Elle eut beau tendre l’oreille, elle n’entendait plus rien. Giovanni devait surveiller sa respiration.
— Écoutez, je ne vais pas attendre que vous ayez fini d’examiner cette préparation au microscope. De toute façon, vous n’avez rien à me répondre. Agissez et tout ira bien pour vous.
Quelques flacons tintinnabulèrent. Giovanni devait tenir un de ses appareils entre ses mains tremblantes. Éprouvette ou cornue.
— Vous aviez donc prémédité ce sabotage depuis longtemps, signore ? Voilà pourquoi vous m’aviez aidé et protégé, me proposant même, de payer certaines mensualités à la T.A.S.A.
— Mon cher, vous êtes un garçon sympathique et j’ai toujours eu un faible pour vous. Avouez que je vous ai bien aidé et que, sans moi, vous ne seriez pas ici, dans cette belle chambre, avec vos chers petits flacons. Pour cette affaire, j’ai pensé que vous pourriez m’être utile.
Avec un reproche dans la voix, il ajouta :
— Je ne m’attendais pas à vous trouver aussi réticent.
— Signor, dit Giovanni comme s’il n’avait pas entendu, si je refuse vous me dénoncez ?
— Bien sûr.
— Et si j’appelle, que la police vienne et vous arrête ? Peut-être consentiront-ils à m’examiner sérieusement et établiront-ils que je ne suis pas du tout fou.
L’autre se mit à rire sans la moindre restriction. Rosa se souvenait de ce que les deux hommes lui avaient dit, qu’Ugo Montale était traqué par toutes les polices. Il n’en paraissait pas exagérément ému.

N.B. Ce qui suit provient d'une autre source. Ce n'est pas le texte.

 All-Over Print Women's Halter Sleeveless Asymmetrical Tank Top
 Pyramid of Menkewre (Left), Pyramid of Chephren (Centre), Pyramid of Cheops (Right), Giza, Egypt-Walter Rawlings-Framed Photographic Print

— C’est alors qu’on vous prendra vraiment pour un fou, mon vieux. Je suis honorablement connu et je ne risque rien. Je suis venu vous rendre une visite amicale et je vous ai trouvé dans un état de terrible excitation mentale. Voilà ce que je dirais aux policiers avant qu’ils ne vous passent la camisole de force.
Rosa avait peur. Le calme apparent de Giovanni l’épouvantait. Il aurait dû hurler, gesticuler, se jeter sur son visiteur. Elle entendait seulement un cliquetis de flacon.